[DATA EXTRACT]:
== Segment start ==
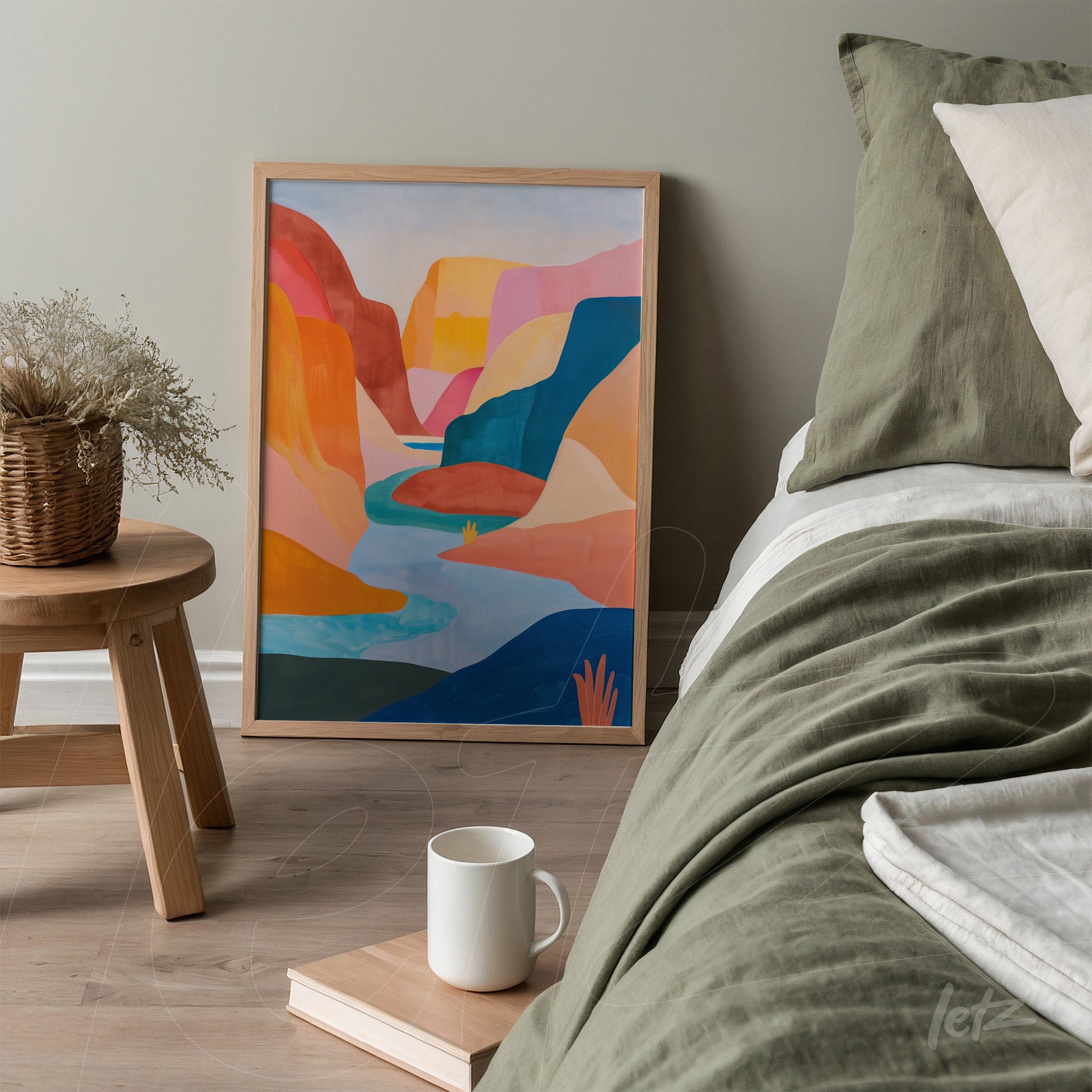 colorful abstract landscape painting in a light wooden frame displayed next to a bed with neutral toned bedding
== Segment end ==
== Segment start ==
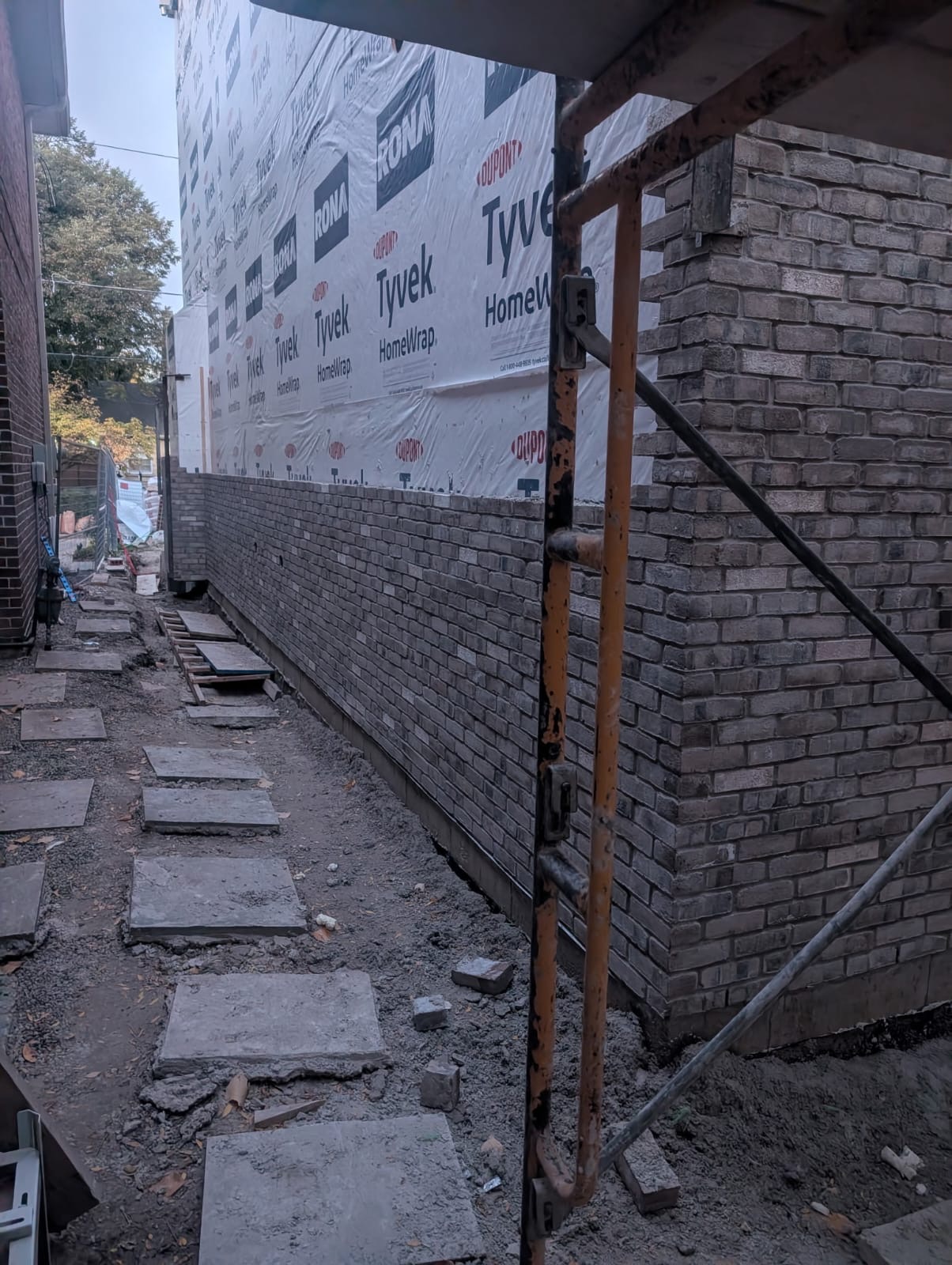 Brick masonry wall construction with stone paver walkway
== Segment end ==
== Segment start ==
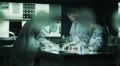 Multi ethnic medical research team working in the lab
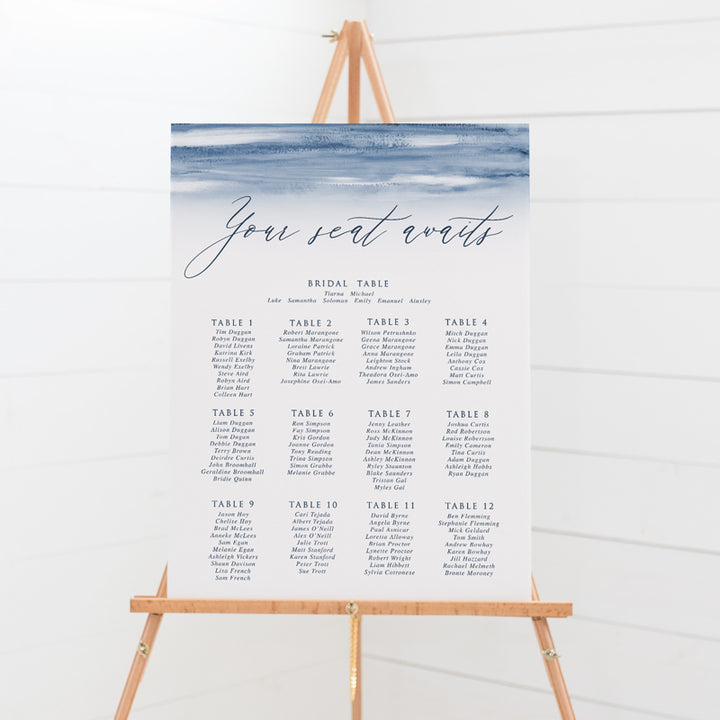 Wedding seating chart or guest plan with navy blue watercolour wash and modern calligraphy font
== Segment end ==
[EXERCISE]:
Although pictures appear among the entries, please set down only the lines from the one with "Multi ethnic medical" up to and including the one with "Wedding seating chart", word for word.

[RESULT OF THE EXERCISE]:
 Multi ethnic medical research team working in the lab
 Wedding seating chart or guest plan with navy blue watercolour wash and modern calligraphy font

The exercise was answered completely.